_Problem details_: What lines of the data below hold "with"? Show them.

Given data: Begin

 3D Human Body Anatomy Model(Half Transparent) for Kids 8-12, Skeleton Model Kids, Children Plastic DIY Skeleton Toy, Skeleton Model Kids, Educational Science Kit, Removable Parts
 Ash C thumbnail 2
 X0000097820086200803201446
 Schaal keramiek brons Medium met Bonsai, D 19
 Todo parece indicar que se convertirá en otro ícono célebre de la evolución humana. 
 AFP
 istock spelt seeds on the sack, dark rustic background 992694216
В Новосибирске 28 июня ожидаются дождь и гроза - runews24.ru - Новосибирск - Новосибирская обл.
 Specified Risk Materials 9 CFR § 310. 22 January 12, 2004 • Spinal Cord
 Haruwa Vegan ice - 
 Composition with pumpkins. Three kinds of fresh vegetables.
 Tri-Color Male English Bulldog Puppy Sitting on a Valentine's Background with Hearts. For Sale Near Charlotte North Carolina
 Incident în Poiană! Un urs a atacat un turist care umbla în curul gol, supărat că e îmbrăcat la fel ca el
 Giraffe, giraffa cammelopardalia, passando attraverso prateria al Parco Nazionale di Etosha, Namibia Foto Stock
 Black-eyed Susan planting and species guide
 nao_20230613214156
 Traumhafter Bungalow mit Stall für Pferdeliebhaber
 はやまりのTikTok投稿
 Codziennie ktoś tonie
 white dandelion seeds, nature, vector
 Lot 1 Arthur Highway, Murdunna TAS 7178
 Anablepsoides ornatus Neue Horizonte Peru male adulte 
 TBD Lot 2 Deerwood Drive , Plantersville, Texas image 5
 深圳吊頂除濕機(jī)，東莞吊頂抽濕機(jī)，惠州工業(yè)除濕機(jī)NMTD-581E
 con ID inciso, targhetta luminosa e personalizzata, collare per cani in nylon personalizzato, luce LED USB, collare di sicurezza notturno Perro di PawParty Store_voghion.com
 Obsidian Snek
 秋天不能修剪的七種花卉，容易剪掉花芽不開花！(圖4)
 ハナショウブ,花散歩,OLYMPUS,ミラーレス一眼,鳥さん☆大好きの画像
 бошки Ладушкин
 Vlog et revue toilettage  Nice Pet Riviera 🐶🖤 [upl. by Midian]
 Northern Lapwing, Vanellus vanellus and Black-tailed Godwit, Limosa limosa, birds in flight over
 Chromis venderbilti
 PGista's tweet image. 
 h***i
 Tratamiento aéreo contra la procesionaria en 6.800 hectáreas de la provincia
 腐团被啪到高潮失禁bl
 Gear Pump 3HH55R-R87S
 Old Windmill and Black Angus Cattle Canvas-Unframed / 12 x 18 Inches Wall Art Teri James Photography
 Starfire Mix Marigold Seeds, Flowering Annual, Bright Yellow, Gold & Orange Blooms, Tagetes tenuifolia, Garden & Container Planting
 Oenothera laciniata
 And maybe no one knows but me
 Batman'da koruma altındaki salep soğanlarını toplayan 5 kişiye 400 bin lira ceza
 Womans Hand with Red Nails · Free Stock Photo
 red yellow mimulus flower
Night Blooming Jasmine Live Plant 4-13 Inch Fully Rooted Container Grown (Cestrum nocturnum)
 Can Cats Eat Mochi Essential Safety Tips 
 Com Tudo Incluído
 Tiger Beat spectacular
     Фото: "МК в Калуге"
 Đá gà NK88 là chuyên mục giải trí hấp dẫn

Given data: End

_Output of the task_:
 Composition with pumpkins. Three kinds of fresh vegetables.
 Tri-Color Male English Bulldog Puppy Sitting on a Valentine's Background with Hearts. For Sale Near Charlotte North Carolina
 Womans Hand with Red Nails · Free Stock Photo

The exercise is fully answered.